Graphic demonstration of impact of terroir: Average cluster sizes of Bokisch's Albariño from (left) Las Cerezas Vineyard, Mokelumne River-Lodi; (middle) Terra Alta Vineyard, Clements Hills-Lodi; and (right) Andrus Vineyard, Sacramento County west of Lodi AVA
Other white wine grapes, like Albariño, do not require nearly the conscious lengths to attain terroir related distinctions as does Chardonnay, the quintessential "winemaker's wine." For some twenty years, for example, Bokisch Vineyards has found dramatic differences between their Albariño grown in the high vigor, deep sandy loam Mokelumne River-Lodi soil of their Las Cerezas Vineyard vs. their Albariño grown in the shallower, gravelly clay Clements Hills-Lodi hillside soil of their Terra Alta Vineyard. The much smaller cluster and berry sizes of their hillside Albariño, for starters, always makes for a more acid driven, minerally, lighter and less tropical fruit driven wine than their Albariño grown in rich riverside soil, which naturally grow larger vine canopies and cluster sizes. Therefore, in most vintages, Bokisch bottles the two wines separately under vineyard-designate labels. The logistics are purely about terroir, plain and simple, but also because the wines taste so different, even if vinified the exact same way.

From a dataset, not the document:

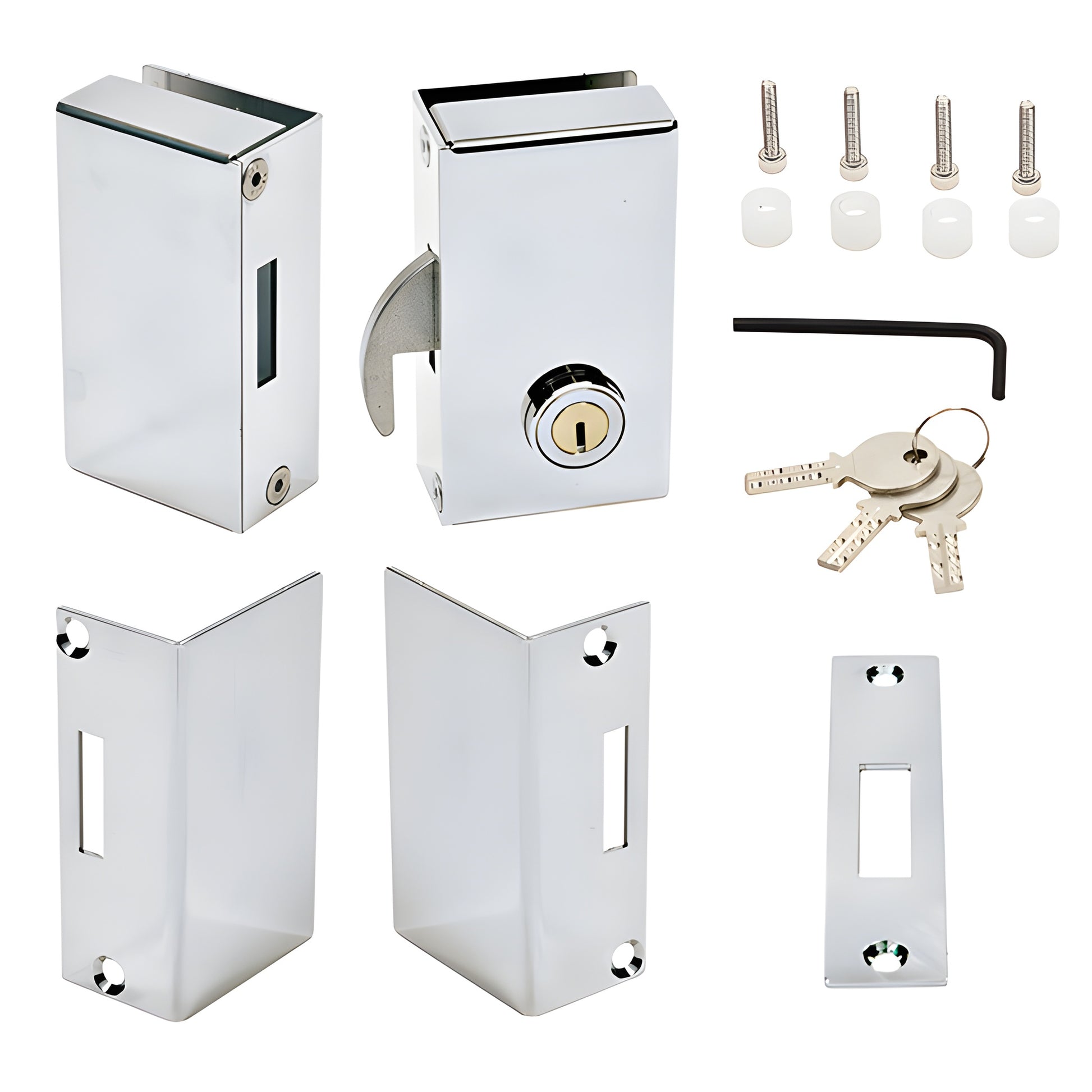 Polished stainless frameless glass sliding door lock kit SGDLPSR with keys and mounting hardware.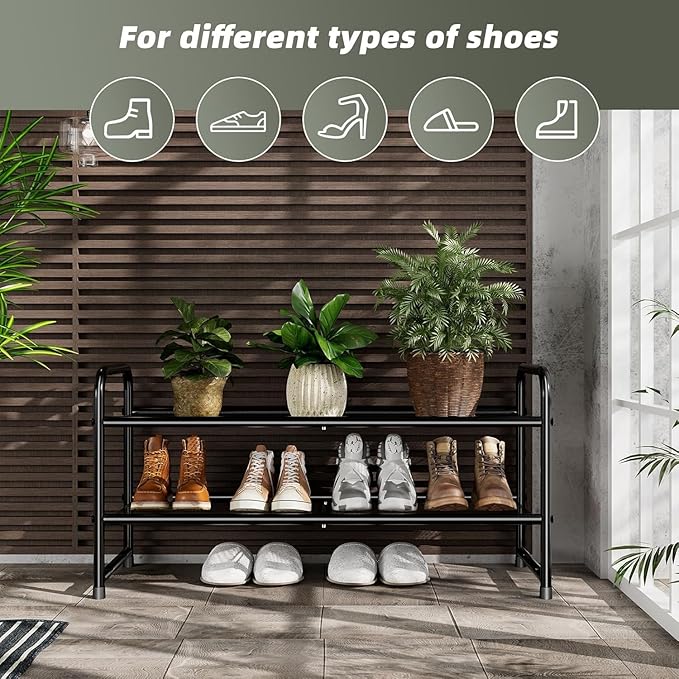 Standard Shoe Rack 2-Tier 32.5 Inches Wide, Shoe Organizer for Indoor Outdoor | Adjustable Metal Mesh Shelf Ideal for Home Entryway Closet & Garage Balcony | Black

In more recent years, other Lodi wineries such as Acquiesce, LangeTwins Family, Peltier and Markus Wine Co. have been leading the way with white wines ranging from Sauvignon blanc and Kerner to Vermentino and Clairette blanche that are picked earlier to emphasize more minerality and acidity, and less varietal or overtly fruity qualities, and vinified with a minimal of oak or none at all (as in the case of Acquiesce), resulting in terroir related qualities that are becoming increasingly identifiable as "Lodi." Finally, you can say, the region is finding its own sense of place, and consumers are eating it up.
When you read most accounts of Lodi Zinfandel, it is still usually described as something "big," "ripe," and "jammy." Heck, California Zinfandels in general are usually described as big, ripe, jammy. It's no coincidence: for many years, Lodi Zinfandels were made to taste exactly like the vast majority of California Zinfandels with the thinking being, of course, that if this type of varietal character is good enough for, say, Napa Valley or Sonoma Zinfandels, it's certainly good enough for Lodi. Lodi's warm Mediterranean climate, in fact, is very much conducive to this style of Zinfandel.
Starting in 2012, however, a half-dozen of Lodi's Zinfandel specialists decided to take a cue from established brands like Ridge and Turley that have long been known for handcraft, minimalist style winemaking. These Lodi producers established their own set of protocols that they coined "Lodi Native," endeavoring to produce vineyard-designate Zinfandels fermented with natural yeast and requiring zero "adds," filtration or new oak. Their goal was to not so much make Zinfandels that taste as much as possible like the individual vineyards where they are grown, but to also change the perception of Lodi wines in terms of where it counts most, on a sensory level. They wanted to produce Zinfandels actually tasting of terroir — Lodi's sense of place.
In a 2015 post entitled "The Lodi Zinfandel Revolution Continues," the widely acclaimed wine blogger Alder Yarrow wrote: "My first taste of the wines from the Lodi Native project were transformative not only for my vision of what California Zinfandel has become, but also for my opinion of what Lodi was all about... The Lodi Native project not only significantly redeemed my dissatisfaction... it also inspired my faith in the future of California wine."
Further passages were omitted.